ちょうど昨日言い合いをした道を抜けて、立川の姿を見送った角を曲がり、数百メートル進んでようやく立川の家が見えてきた。もう門の前に本人が出て来ているのが見えた。手を振って声をかけてくる。
「朱雀ー!」
「……おう」
朱雀が歩調を緩めると、駆け寄ってくる。
「おい、どうしたんだよ。何かあったか?」
何事かと思ったのだろう。本気でこちらを心配している表情に、少し申し訳ない気持ちになる。
「いや……個人的な話」
「個人的?」
うなずく。息を整えようと、膝に手をついた。
「お前に、言いたい、ことがあって」
「大丈夫かよ? 何だよ、言えよ」
身体を起こすと軽くめまいがした。日差しが目に刺さって眩しい。目の前の立川はおろおろとこちらを見守るばかりだ。
「……俺は、」
苦しい。深呼吸しろ。
けれど立川の顔を見るにつけ、自分が言おうとしている話の下らなさや恥ずかしさに「やっぱやめた」と言いそうになる。冷静になって考えてみると、昨日の今日で朝から電話で呼び出して言おうとしていることがこれって、どうなんだ、と思える。

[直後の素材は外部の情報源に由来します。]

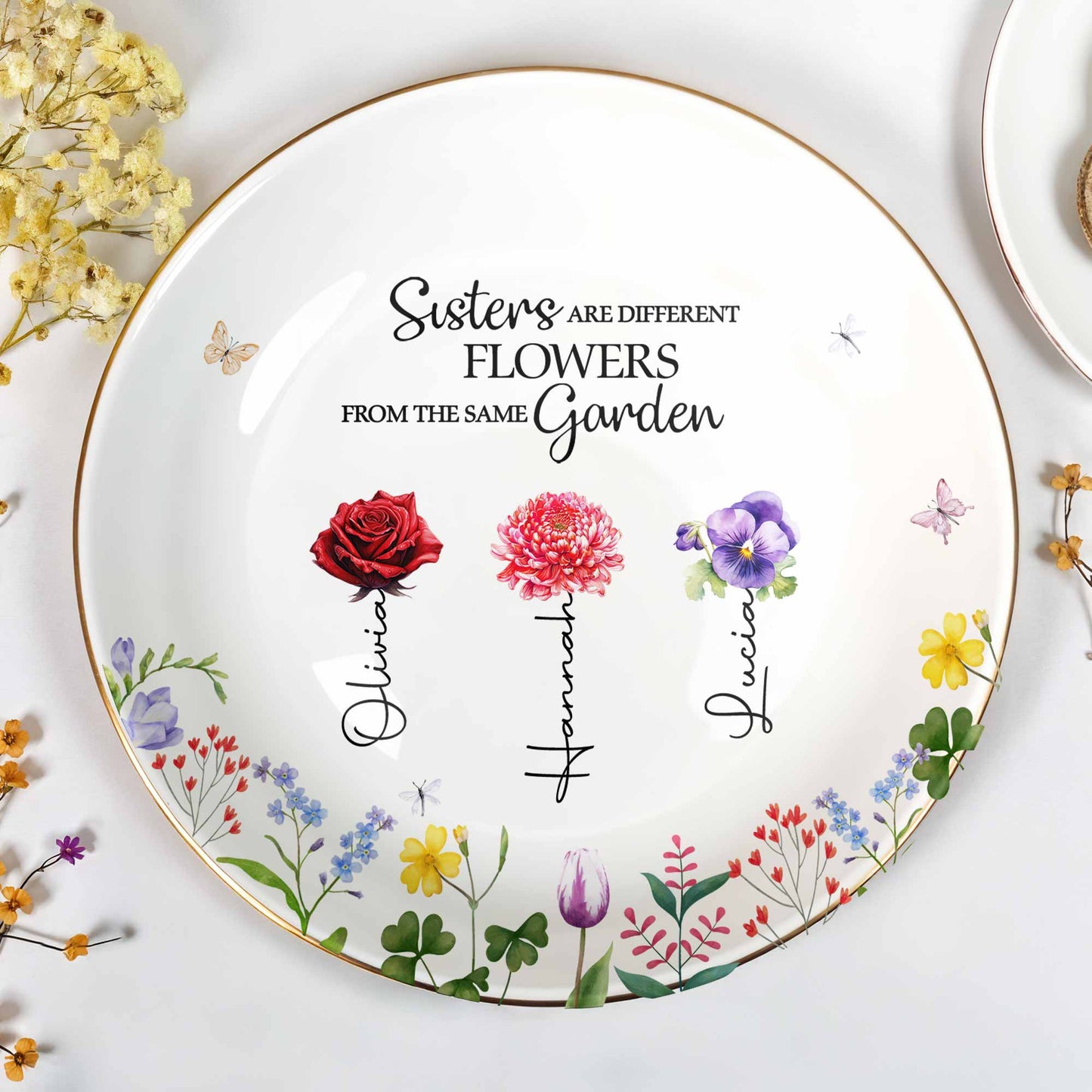 Les sœurs sont différentes, les fleurs du même jardin - Plat à bijoux personnalisé, plat en céramique, forme ronde - BST182_RCRF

唐突過ぎる話で、まったく意味がわからないだろうし、リアクションのしようもない。
あ。
つーか、言っちゃったら、もう戻れないよな。当たり前の話。
立川はきっと気持ち悪いと感じるだろうし、もう近づきたくないと思うはずだ。友達としても、朱雀のことは付き合いたくない相手になるだろう。嫌悪の対象だ。

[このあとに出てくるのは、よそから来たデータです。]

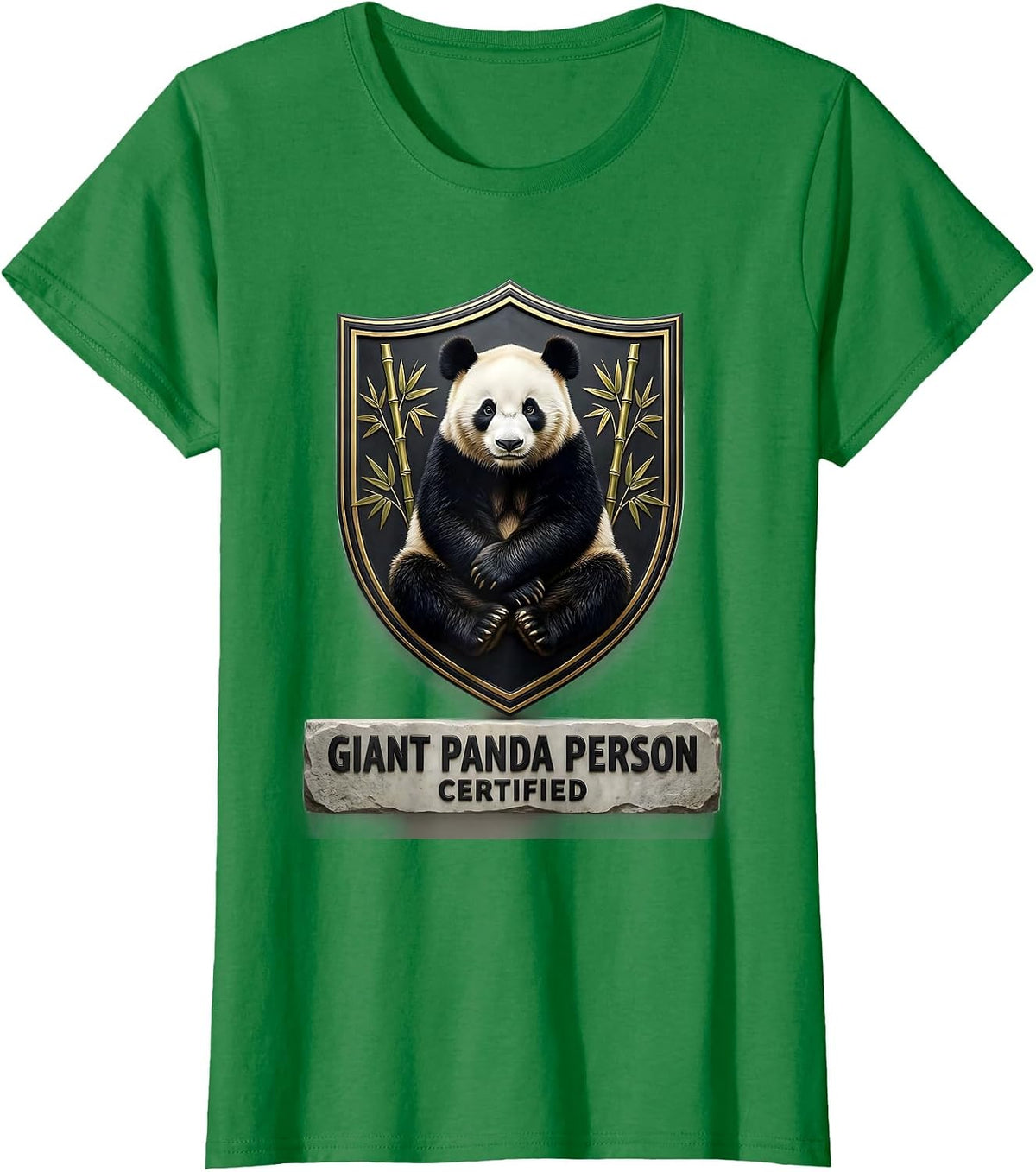 Giant Panda Person, Certified Cute Panda Lover Gift T-Shirt - Kelly Green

いやでもこいつ、憎たらしくも吉丸と付き合ってたんだし、ちょっとは気持ちわかってくれないかな。ああでも吉丸みたいな女子っぽい男ならいいかもしれないけど、俺普通の男だし。でかいし。やっぱ拒否反応出ちゃうかもしれない。
…………。
「……朱雀?」
「……えっと、」
言え。言え!
唾をごくりと飲み下した。
「……おれ、……」
次第に顔が赤くなっていくのが自分でわかる。心配そうにこちらの顔をのぞき込む立川の顔が見れない。

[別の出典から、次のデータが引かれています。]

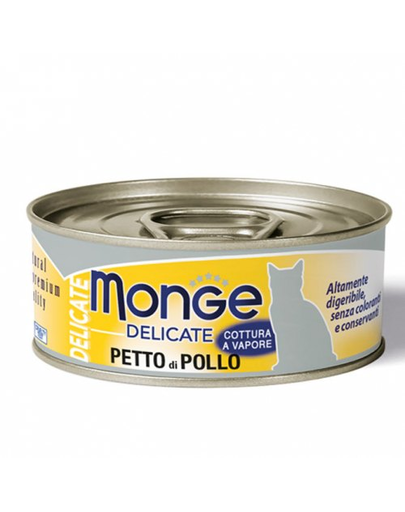 MONGE Delicate Cat hrana umeda pentru pisici, cu piept de pui 80 g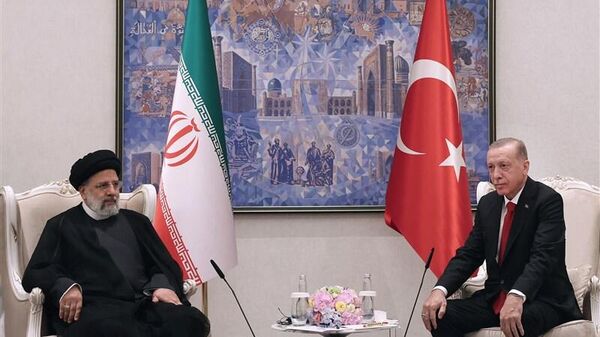 ابراهیم رئیسی، رئیس جمهور ایران در دیدار با رجب طیب اردوغان، رئیس جمهور ترکیه  - اسپوتنیک ایران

つーかここ、自分ちの近所の道端だし! その角からお隣さん出て来てもおかしくないじゃん! 早く、早く言わないと……。
「おい?」
赤くなった顔を見られたくない。手の甲で頬を押さえた。熱い。もう一度息を吸い込んだところで、立川の視線がそれた。ぽろりと言葉がもれる。
「……あ、れ……けいた……?」
振り返ると、数メートル先に吉丸の姿があった。朱雀を追いかけて来たのだろう、ファイルケースを胸に抱いて、今にも泣きそうに顔を歪ませてこちらを見ている。
あいつ。
……言わないと。
大きく深呼吸をする。
「立川」
「あっ、ああ」
呼ばれて立川が朱雀に目を戻す。
「……俺、ずっと…立川のことが好きだった」
「へ?」
怪訝そうな顔で聞き返してくる。
「お前のことが好きだった」
「え、あ、うん。……え?」
「お前の…恋人になりたかった」
「こいっ……? ええ!? どういうこと!?」
目を大きく見開いて驚いている。無理もない。
「おまえに、ほれてた」
声が震える。恥ずかしくて、頬に当てた手が外せない。立川には、ひどくくぐもった、情けない声が聞こえているはずだった。
「俺に?」
戸惑った表情のまま、立川が訊く。朱雀はこくりとうなずいた。もう、立川の顔が見れない。
「……マジか」
さらにうなずく。
「俺と、付き合いたいって」
「そう」
「俺、男だけど」
「わかってる」
「……だよな」
立川が大きく息をついた。困惑した顔で、頭をかく。
「……そっ……か。えっと、あの、ありがとう。けど、」
「ああ、返事は……わかってるからいい」
「え」
「とりあえずお前に言いたかっただけだから。いきなり来てこんなこと言ってごめん」
「あ、いや……」
「色々限界だから、もう帰る」
「だ、大丈夫?」
「本当ごめん」
「……いや、いいって……」
ようやく頬から手を外す。立川を見ると、目が合った。なんとも言えない、切ない表情をしていた。小さくうなずいて、背を向け歩き出した。
「やっぱ待って、朱雀」
肩を掴まれる。ドキッとした。
「なに」
「……あの、お前とは、えっと付き合えないけど。……落ち着いてから、もっかい話して」
うなずくだけで精一杯だ。
「俺も……頭いっぱいいっぱいだし。恵太、お前追っかけて来たんじゃないの?」
「……たぶんそう」
肩で息をしながら歩き出す。顔が熱くて、頭が重くて、フラフラする。吉丸がいる角までの距離が長かった。
「……朱雀さん」
吉丸は眉根を寄せて、口をへの字に曲げてこちらを見上げていた。何も言わず、目に入った彼の左手を引っ張って歩く。吉丸がよろけながらついてくる。
「朱雀さん」
「……待っててって言ったのに」
数歩歩いて、吉丸がつぶやくように言う。